Clearly my questions were strange so she asked for more detail. I told her everything. Her response was quick and simple. “I’m sorry.” She continued that she was not surprised that this woman would do such a thing. She didn’t realize she would take her lies this far but it didn’t shock her.

And so I sit here and type, less than 24 hours after the bomb dropped. Months of looking forward to this opportunity. Of mentally planning and preparing for how I would make my huge debut in the corporate world. Finally feeling that my training and years of public speaking would be used to impact this incredible audience of high powered and important people through leadership training and teaching interpersonal relationship skills. I would be surrounded by brilliant people. Successful people. And I wanted to be one of them.

In truth, I basically fell for a more sophisticated version of the scam email that tells you some lady in Africa died with no one to leave her fortune to and they want it to go to me. ME! Can you imagine? How lucky am I? What a miracle! What a gift! So this story just had a prettier bow and bigger box. But at the end of the day, nothing was inside.

Ultimately we see what we want to see and we believe what we want to believe. I wanted this job. I am qualified for this job. I deserve this job. And while this job doesn’t exist, simultaneously it does…somewhere. And yet, I did nothing ever before she called, to find it.

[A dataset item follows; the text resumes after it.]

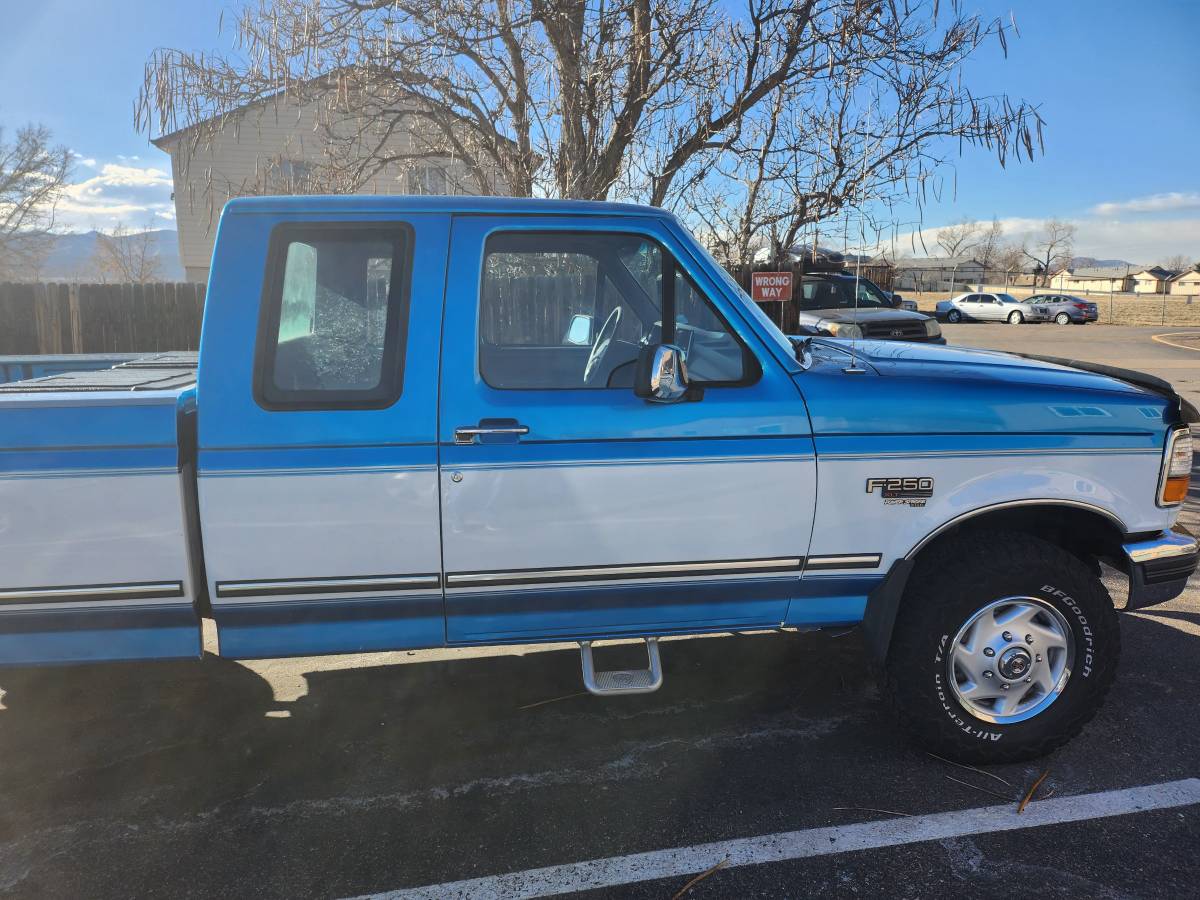 Ford-F250-xlt-diesel-1995-blue-3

She lied to me. She deceived me. But the saddest truth of all is how often I lie and deceive myself. If I know this is what I should be doing, why haven’t I taken a single step on my own in that direction? If I want to impact the world on this level, then why do I keep settling for jobs and options that will never get me there?

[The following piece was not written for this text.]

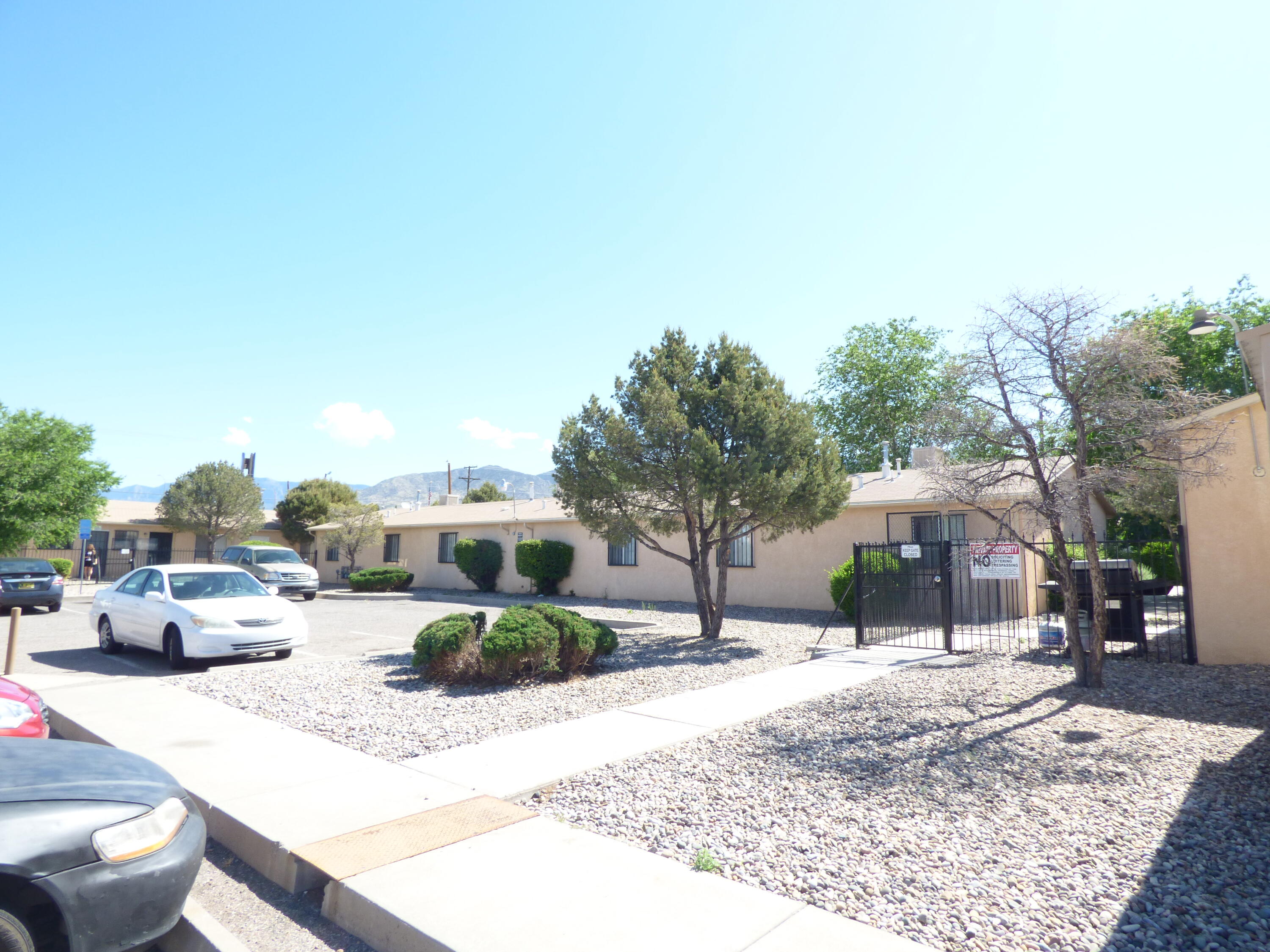12824 Skyline Road NE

Don’t get me wrong. I am not blaming myself that I fell victim to someone who is a sociopath. But being that I went through it, I at the very least want to make sure I take some good lessons from the experience.

And step one is that I am going to stop waiting for things to happen and start making them happen. I saw a great quote which reads: “Go where you are celebrated, not where you are tolerated.” For way too long I have settled. I have undermined myself. I have been the very handcuff that hasn’t allowed me to go where I truly want to be.

Yet I have never taken responsibility. It was always someone else’s fault. Or circumstances. Or bad timing. But then the phone rang that day a few months back and I felt that my life could catapult to where it should have always been. And it should. And it can. And it will. But not because of someone else. Only if I do it. Only if I make it happen.

So ironically, the changes I need to make may finally be made thanks to some very sad and mentally ill woman who had nothing better to do with her time than play with my head. But…she got me thinking. She got me shifting. And maybe, just maybe, because I fell for a reality that was a fairytale that she created, I will be able to finally make my fairytale become my reality.

 

Image from Flickr.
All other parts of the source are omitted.